A copy of the listing below is needed, exact in every line and without images.

- Source data -
——————————

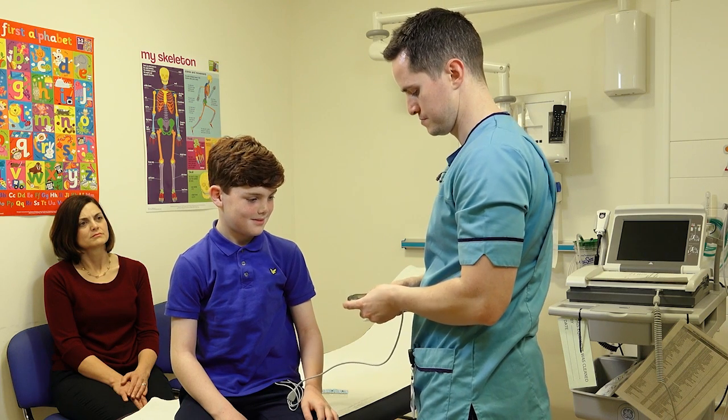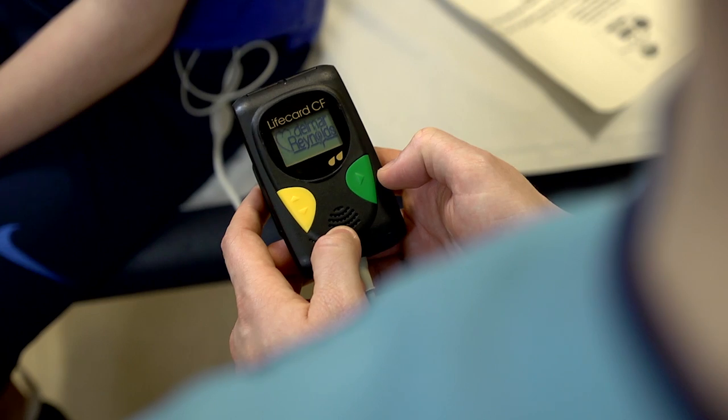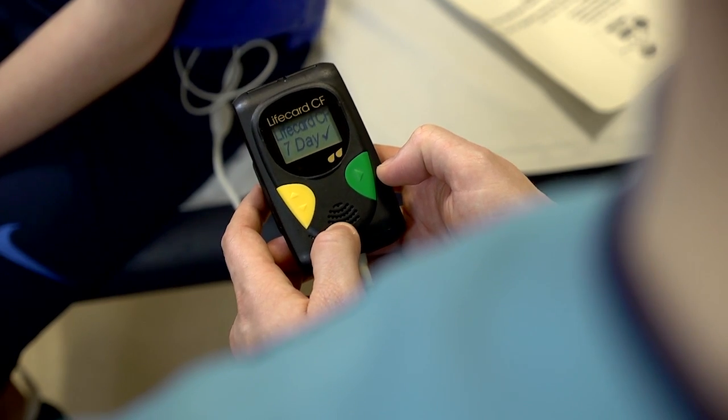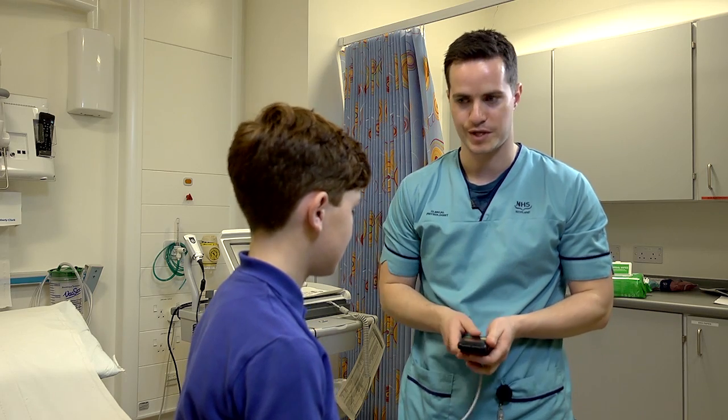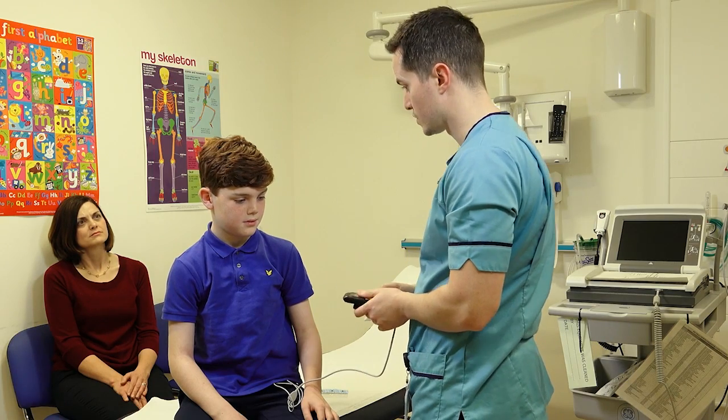So what we do now is connect it up here. You don't need to worry, it's not going to make any noise or beep at you. This is just for the initial setup. Okay, so that's the recording starting now.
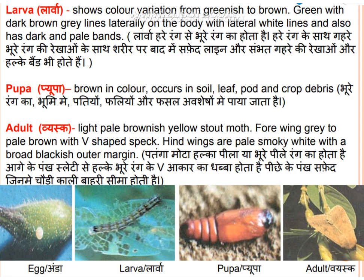Pupa: the pupa is brown in color and occurs in soil, leaf, wood, and crop debris.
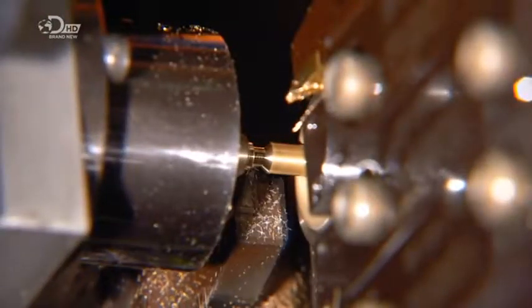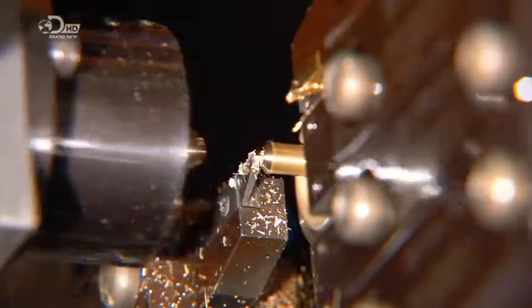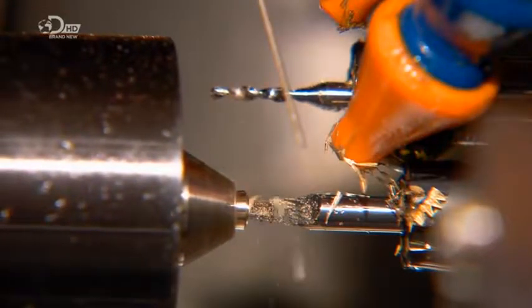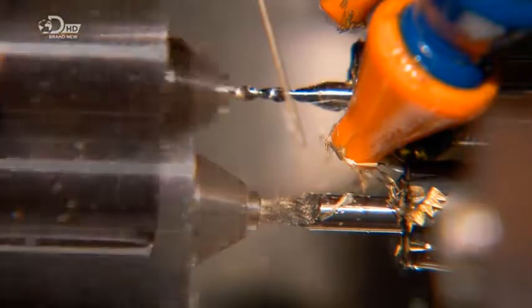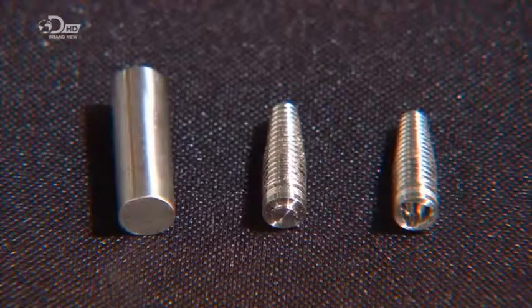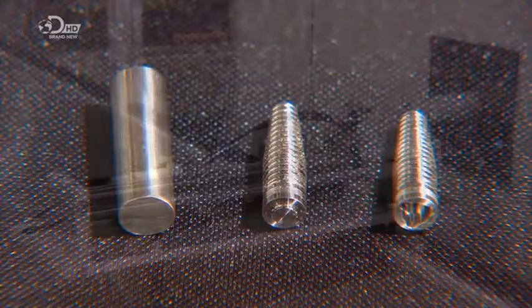A tool now grips the implant while another cuts it to length. Then a computerized drill hollows out the implant and carves threads inside for attaching the ceramic tooth. In minutes, a solid metal cylinder becomes a hollowed and threaded implant.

——————————

- Result below -
So what we do now is connect it up here. You don't need to worry, it's not going to make any noise or beep at you. This is just for the initial setup. Okay, so that's the recording starting now.
Pupa: the pupa is brown in color and occurs in soil, leaf, wood, and crop debris.
A tool now grips the implant while another cuts it to length. Then a computerized drill hollows out the implant and carves threads inside for attaching the ceramic tooth. In minutes, a solid metal cylinder becomes a hollowed and threaded implant.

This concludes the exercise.